• _Exercise_
Beginning at the line containing "1521 S Blackwelder Ave — Photo 12", restate each line of the listing below word for word until the last one has been given.
== Data section
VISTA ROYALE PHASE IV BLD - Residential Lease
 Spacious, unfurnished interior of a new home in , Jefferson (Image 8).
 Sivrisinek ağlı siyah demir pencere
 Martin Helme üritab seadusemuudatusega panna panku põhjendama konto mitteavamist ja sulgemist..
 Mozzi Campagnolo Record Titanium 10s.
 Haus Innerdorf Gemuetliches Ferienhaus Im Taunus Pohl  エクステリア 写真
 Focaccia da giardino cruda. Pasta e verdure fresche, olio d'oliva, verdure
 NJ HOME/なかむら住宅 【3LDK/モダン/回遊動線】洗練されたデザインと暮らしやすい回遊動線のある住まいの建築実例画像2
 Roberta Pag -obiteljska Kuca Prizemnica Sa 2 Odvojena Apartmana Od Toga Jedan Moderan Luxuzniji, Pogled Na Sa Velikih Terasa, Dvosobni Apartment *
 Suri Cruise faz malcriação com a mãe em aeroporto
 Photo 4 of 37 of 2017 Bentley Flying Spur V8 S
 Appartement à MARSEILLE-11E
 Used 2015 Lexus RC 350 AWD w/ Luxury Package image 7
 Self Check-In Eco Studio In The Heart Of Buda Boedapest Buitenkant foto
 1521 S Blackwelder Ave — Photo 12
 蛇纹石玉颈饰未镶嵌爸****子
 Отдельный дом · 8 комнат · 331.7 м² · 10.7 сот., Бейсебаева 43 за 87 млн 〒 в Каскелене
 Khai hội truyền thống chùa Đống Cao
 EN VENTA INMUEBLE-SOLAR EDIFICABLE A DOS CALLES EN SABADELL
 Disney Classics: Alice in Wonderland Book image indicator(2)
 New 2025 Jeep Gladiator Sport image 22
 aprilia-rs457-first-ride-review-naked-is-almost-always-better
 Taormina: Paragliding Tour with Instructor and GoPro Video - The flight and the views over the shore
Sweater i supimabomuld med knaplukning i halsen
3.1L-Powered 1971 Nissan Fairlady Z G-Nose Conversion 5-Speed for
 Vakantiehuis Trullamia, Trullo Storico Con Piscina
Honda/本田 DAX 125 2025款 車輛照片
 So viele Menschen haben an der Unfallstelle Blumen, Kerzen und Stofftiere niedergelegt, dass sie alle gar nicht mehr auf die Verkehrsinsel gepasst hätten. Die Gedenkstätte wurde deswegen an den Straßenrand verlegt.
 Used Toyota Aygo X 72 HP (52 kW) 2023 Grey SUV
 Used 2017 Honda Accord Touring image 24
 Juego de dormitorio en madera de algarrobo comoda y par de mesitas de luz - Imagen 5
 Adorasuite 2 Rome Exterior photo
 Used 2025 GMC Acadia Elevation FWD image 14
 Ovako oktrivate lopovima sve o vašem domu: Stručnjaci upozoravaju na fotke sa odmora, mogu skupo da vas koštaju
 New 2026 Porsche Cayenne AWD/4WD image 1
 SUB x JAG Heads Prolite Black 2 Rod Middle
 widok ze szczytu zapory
====
• _Task solution_
 1521 S Blackwelder Ave — Photo 12
 蛇纹石玉颈饰未镶嵌爸****子
 Отдельный дом · 8 комнат · 331.7 м² · 10.7 сот., Бейсебаева 43 за 87 млн 〒 в Каскелене
 Khai hội truyền thống chùa Đống Cao
 EN VENTA INMUEBLE-SOLAR EDIFICABLE A DOS CALLES EN SABADELL
 Disney Classics: Alice in Wonderland Book image indicator(2)
 New 2025 Jeep Gladiator Sport image 22
 aprilia-rs457-first-ride-review-naked-is-almost-always-better
 Taormina: Paragliding Tour with Instructor and GoPro Video - The flight and the views over the shore
Sweater i supimabomuld med knaplukning i halsen
3.1L-Powered 1971 Nissan Fairlady Z G-Nose Conversion 5-Speed for
 Vakantiehuis Trullamia, Trullo Storico Con Piscina
Honda/本田 DAX 125 2025款 車輛照片
 So viele Menschen haben an der Unfallstelle Blumen, Kerzen und Stofftiere niedergelegt, dass sie alle gar nicht mehr auf die Verkehrsinsel gepasst hätten. Die Gedenkstätte wurde deswegen an den Straßenrand verlegt.
 Used Toyota Aygo X 72 HP (52 kW) 2023 Grey SUV
 Used 2017 Honda Accord Touring image 24
 Juego de dormitorio en madera de algarrobo comoda y par de mesitas de luz - Imagen 5
 Adorasuite 2 Rome Exterior photo
 Used 2025 GMC Acadia Elevation FWD image 14
 Ovako oktrivate lopovima sve o vašem domu: Stručnjaci upozoravaju na fotke sa odmora, mogu skupo da vas koštaju
 New 2026 Porsche Cayenne AWD/4WD image 1
 SUB x JAG Heads Prolite Black 2 Rod Middle
 widok ze szczytu zapory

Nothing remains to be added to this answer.